I mean, just look at the thing! There’s the artfully composed photo, the one that journalists on deadline would inevitably slap atop their glowing articles. (Because free press art is easiest to access when you’re in a hurry.) There’s the bold-faced text highlighting meaningless buzz phrases like “advancing human potential” and “we must build technology to make change,” plus bullet points that make it easier to digest (and send out breaking news alerts about), prepackaged stats (for context!), and bite-sized quotes built for quote marks. The only thing missing was a phone number for their flak, but that wasn’t necessary.
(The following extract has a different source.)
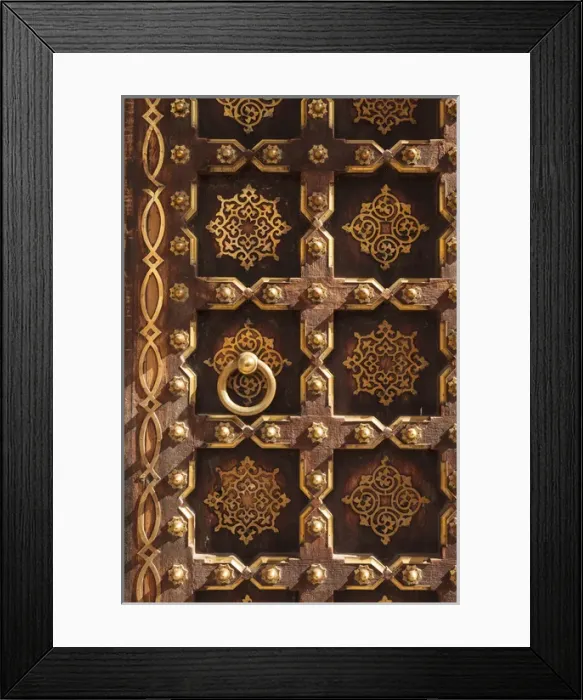 Framed Print : India, Rajasthan, Jaipur, Detail of traditional styled door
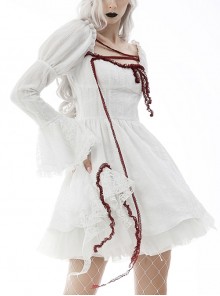 Gothic Style Red Lace Decorated Vampire Retro Palace Long Trumpet Sleeves White Dress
The Chan-Zuckerbergs have the most famous flak of them all—it’s called Facebook.
What’s missing is anything a daughter would actually want to hear from her parents when revisiting this thing years from now. There’s no mention of how her parents met or why they brought her into the world, no nuggets of family history, no parental words of wisdom on how to navigate the world. There’s almost no love in it at all; despite rambling on for more than 2,000 words, the word love comes up just three times, twice in the very last paragraph and then as the closing.
Everything between those pieces of thinly emotive window dressing is nothing less than a manifesto for how innovative and awesome Zuckerberg, Chan, and Facebook by extension, are going to make the world for the rest of us. They’re going to put Internet everywhere, fix America’s schools, and give away a bunch of their money for A Cause. With lines like “because we have a moral responsibility to all children in the next generation,” and “we must engage directly with the people we serve” most of this text could be ripped from the notepad of a junior campaign staffer.
That’s not to say the things they pitched aren’t good, if they actually happen. And who knows if anything the couple proposes in their press release will actually come to fruition. Zuckerberg and Chan don’t want people asking about that. Like any polished power-couple, they already know they’ll get a free pass on pretty much anything just by first trotting their chid across the stage.
So, what will the Mark Zuckerberg and Priscilla Chan Hella Righteous Facebook Pseudo-Charity Of Righteousness actually do? After rambling about in heavy Silicon Valley-ese with a dash of TED talk—that easily recognizable, obviously meaningless collection of buzzwords, numbers, royal we, and open-ended questions—Zuckerberg and Chan lay it out.
Platform One: The Internet
People often think of the internet as just for entertainment or communication. But for the majority of people in the world, the internet can be a lifeline.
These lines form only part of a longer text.